US energy storage will likely see robust growth this year and through the mid-2030s despite tightened foreign content rules as manufacturers retool supply chains to meet booming demand, BloombergNEF asserted in its second half of 2025 forecast.
The US is set to install some 13.3GW/34.5GWh of battery energy storage systems (BESS) this year, an 8% rise over 2024 and a record for installations.
States and grid operators are increasingly seeking out BESS capacity to balance loads and deal with renewable intermittency that is only expected to grow.
Research consultancy Wood Mackenzie sees wind power maintaining an upward trajectory despite President Donald Trump’s hostility, gaining 35.5GW of new and repowered capacity by 2029.
The Solar Energy Industries Association projects the nation adding 45GW of solar power annually through 2030.
The ramp is further driven by developers racing to beat the clock on meeting stringent ‘foreign entities of concern (FEOC)’ stipulations in the Big Beautiful Bill (BBB) passed last July.
To access lucrative investment tax credits (ITC) retained in the BBB, project owners must limit the proportion of content from FEOC nations comprised of Iran, North Korea, Russia, and especially China.
BNEF expects this to “accelerate annual build over 2025-2027, as companies rush to start project construction this year and avoid the new restrictions starting from 2026.”
The BBB retains 30% ITC for storage through 2033, compared to solar and wind, for which tax credits sunset at the end of 2027.
To qualify for tax credits, energy storage projects starting construction in 2026 or later “must spend at least 55% of project costs on equipment and services supplied by non-PFEs,” BNEF noted.
Once FEOC stipulations take effect, developers will face a massive challenge of decoupling from Chinese suppliers.
China dominance
China already refines 65% of the world’s lithium while manufacturing 80% of battery cells and three quarters of packs and components, according to the International Energy Agency (IEA) and the US Energy Information Administration (EIA).
BNEF is optimistic that this challenge can be met by a major retooling of existing EV battery manufacturing capacity.
“We expect the US market to adapt quickly to the new environment and establish its own supply chain without ‘prohibited foreign entities’ (PFEs),” BNEF said.
PFE and FEOC are synonymous in the US law.
“Beyond 2027, domestic manufacturing capacity and battery imports from non-PFE countries such as South Korea and Southeast Asia are expected to drive further growth despite the policy changes,” BNEF added.
Companies with major EV battery manufacturing capacity include Tesla, LG Energy Solutions, Samsung, e-Storage, and AESC. Several of these have links to China, and BNEF assumes they will “meet the new restrictions by modifying their company structure, though these companies are likely to be considered PFEs today.”
According to law firm Troutman Pepper Locke, Tesla has already unveiled a lithium-iron phosphate (LFP) battery cell manufacturing facility in Nevada, while Canadian Solar has disclosed plans for a BESS and cell manufacturing facility in Kentucky.
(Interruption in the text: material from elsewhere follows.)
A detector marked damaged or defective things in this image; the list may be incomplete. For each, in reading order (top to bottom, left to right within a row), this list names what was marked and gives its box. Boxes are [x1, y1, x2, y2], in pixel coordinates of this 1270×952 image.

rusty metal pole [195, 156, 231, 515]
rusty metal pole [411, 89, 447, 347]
LFP batteries with four-hour duration remain the dominant BESS technology.
Jacob Sandry, CEO of Euclid Power, told Troutman: “We’ve seen supply chains be more nimble than we expected over the past few years. You’ve seen manufacturing move out of China to other Asian countries very quickly, and we are starting to have domestic supply abilities like we’ve never had.”
Korean manufacturers, meanwhile, are ramping battery manufacturing “by converting production lines originally dedicated to electric vehicles into ones that deliver energy storage,” the consultancy said.
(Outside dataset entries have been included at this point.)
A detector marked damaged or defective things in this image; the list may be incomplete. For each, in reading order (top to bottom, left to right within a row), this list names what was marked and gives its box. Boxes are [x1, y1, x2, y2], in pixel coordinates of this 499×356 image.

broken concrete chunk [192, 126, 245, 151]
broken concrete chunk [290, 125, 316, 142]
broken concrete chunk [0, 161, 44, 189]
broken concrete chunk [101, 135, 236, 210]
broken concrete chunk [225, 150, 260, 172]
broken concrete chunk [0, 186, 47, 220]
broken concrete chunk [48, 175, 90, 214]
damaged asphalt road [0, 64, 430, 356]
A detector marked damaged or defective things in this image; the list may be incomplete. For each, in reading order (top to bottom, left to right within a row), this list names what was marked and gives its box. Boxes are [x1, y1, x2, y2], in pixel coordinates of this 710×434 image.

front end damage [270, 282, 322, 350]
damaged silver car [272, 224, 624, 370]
BNEF has raised its forecast for non-FEOC battery cells in the US in 2028 by 80% to exceed 60GWh, reaching 90GWh by 2035.
Need surpasses costs
Tariffs will be a wildcard, and the consultancy said that despite system cost declines to around $200/kWh last year, recent tariff hikes on Chinese imports to nearly 41% by the Trump administration could see them rise to $250-300/kWh.
Need will likely surpass cost concerns, though, and BNEF forecasts the US adding 13.5GW/48GWh of storage in 2026, with cumulative capacity reaching 125GW/458GWh by 2030, up 9% from its previous forecast.
By 2035, the US’s energy storage market should reach 235GW/948GWh, “seven times the cumulative installations in 2024,” BNEF noted.
Top markets include the perennial heavyweight Texas, on track to add 4GW/8.5GWh this year towards some 50GW/153GWH by 2035.
California will track its Lone Star state rival closely, adding some 3.8GW/12.6GWh in 2025 on course towards 55.6GW/227GWh by 2035.
Massachusetts, New Jersey and New York all have storage solicitations in the works as well.